A three-judge panel of the 9th U.S. Circuit Court of Appeals in San Francisco is weighing an attempt by the National Rifle Association to overturn Sunnyvale's voter-approved ban on firearms magazines that hold more than 10 rounds.
The NRA has argued that Sunnyvale's law, passed a year ago, infringes on the Second Amendment right to keep and bear arms. The organization lost preliminary rounds in the legal fight when U.S. District Court Judge Ronald Whyte refused to grant a preliminary injunction to stop enforcement of the law and the U.S. Supreme Court declined to block the law pending appeal.

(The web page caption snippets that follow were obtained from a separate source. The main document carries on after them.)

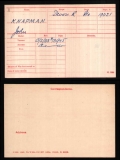 KNAPMAN JOHN(medal card)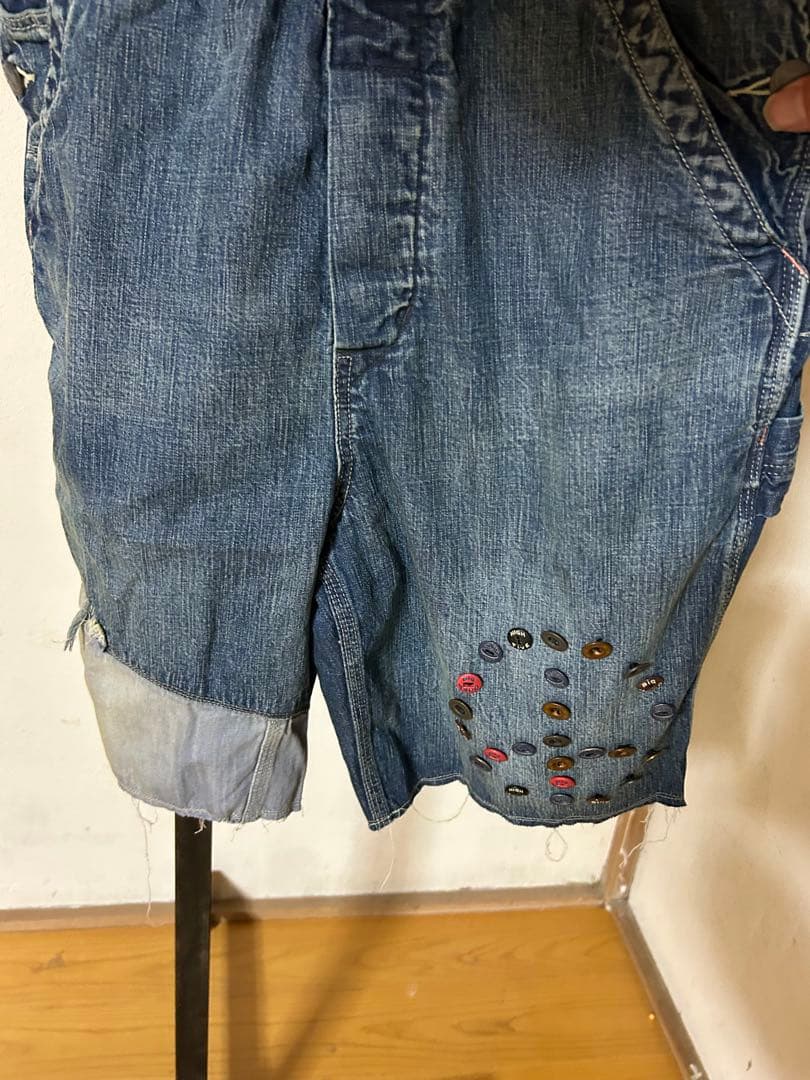 denim&dungaree デニム&ダンガリー デニムサロペショートパンツ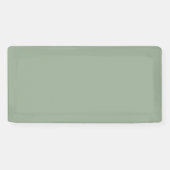 Trendkleur zachte sage banner (Horizontaal)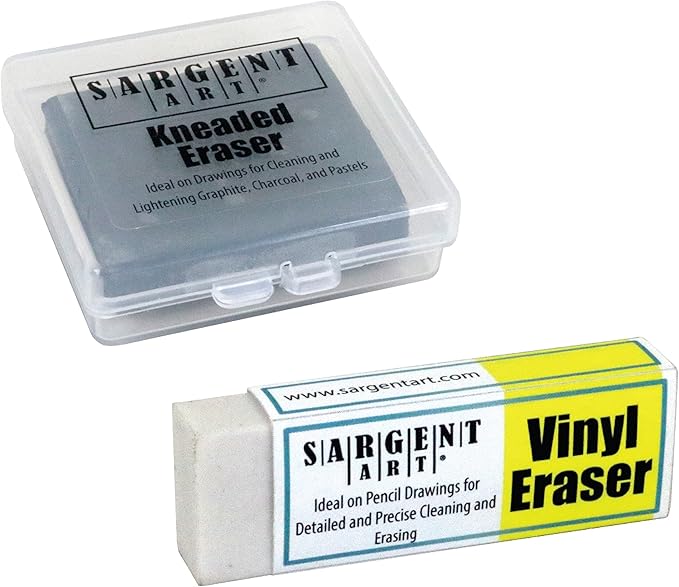 Sargent Art 360009 Set Kneaded Eraser & Vinyl Eraser (2 Pack) Amazon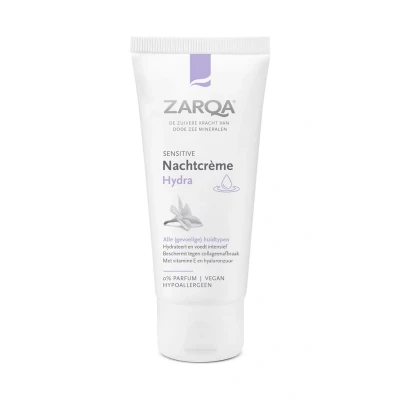Afbeelding van 3x Zarqa Nachtcreme Hydra 50 ml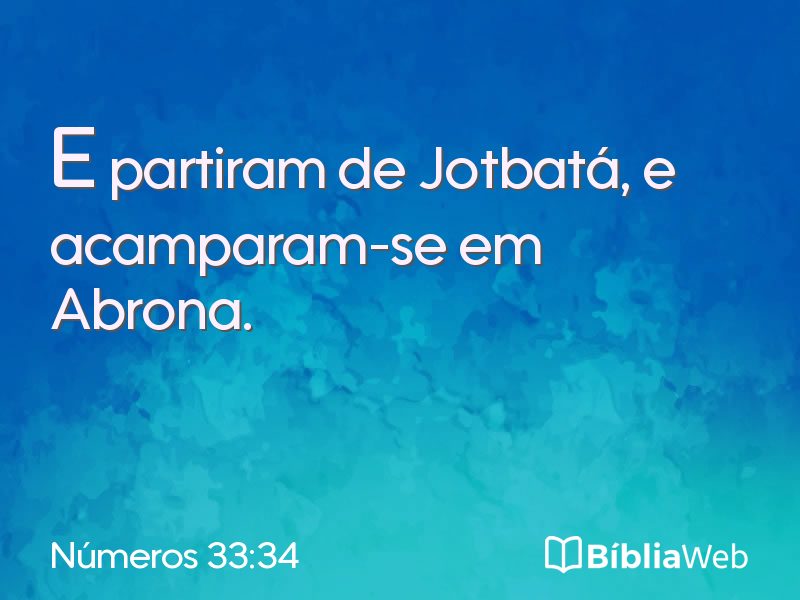 Números 33:34 em imagem para compartilhar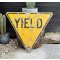 1950´s Yield Verkehrsschild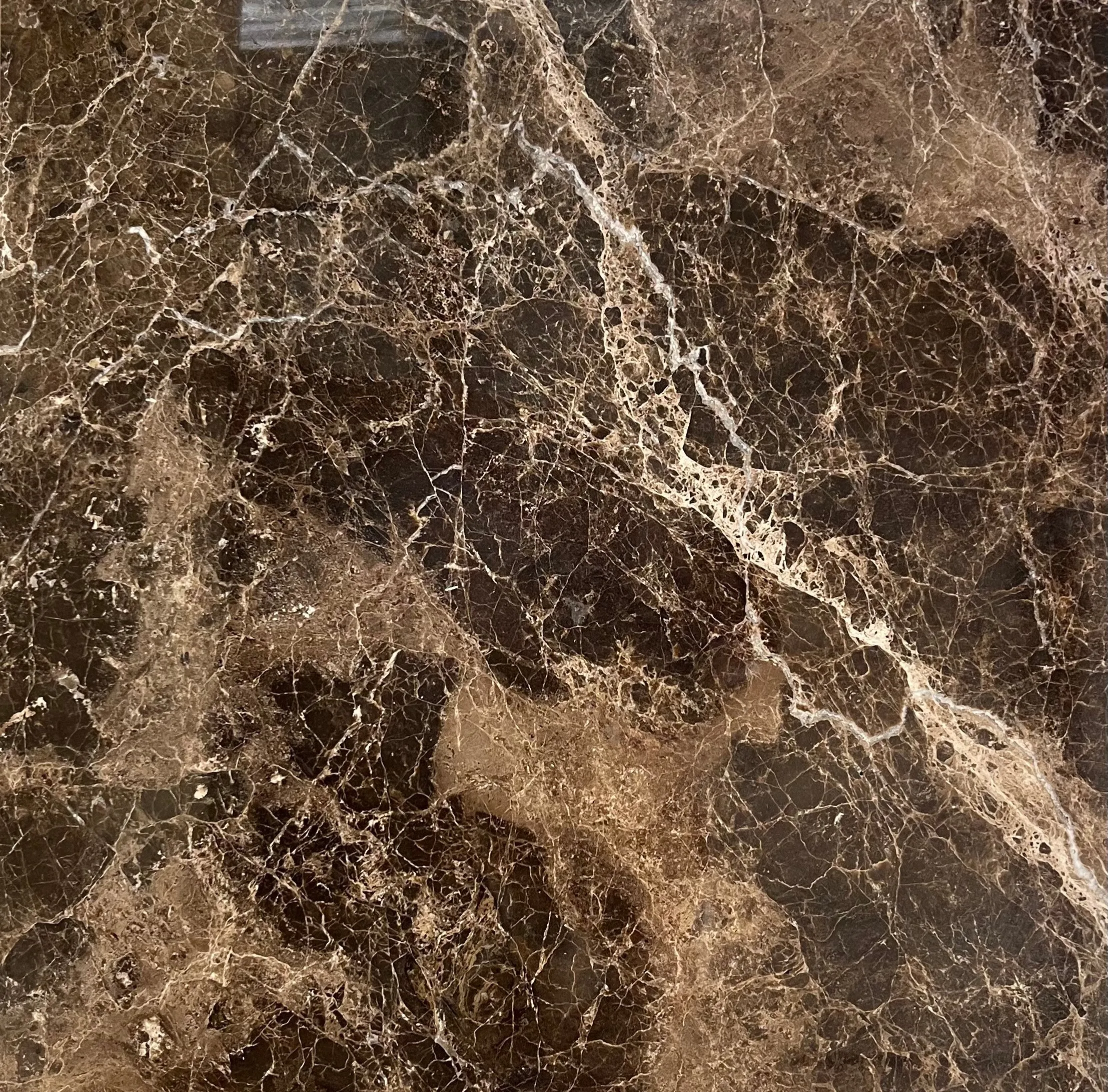 Emperador Dark Spanish Marble 12 X 12 Subway Field Tile, Polished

NRA attorney Erin Murphy, representing a group of Sunnyvale gun owners, told a three-judge panel on Monday that the Second Amendment protects ownership of large magazines.
"Once something's within the scope of the Constitution, you can't flatly prohibit it and that's what this law does," Murphy told judges Michael Hawkins, Johnnie Rawlinson and Barbara Lynn. She called the ban on magazines that hold more than 10 rounds of ammunition an "extreme measure."
Attorney Roderick Thompson, representing Sunnyvale in the case, noted that voters approved the law after several highly publicized mass shootings involving firearms with large-capacity magazines. He argued the ordinance simply fills a gap in an existing state ban on selling, making and transporting magazines that hold more than 10 rounds.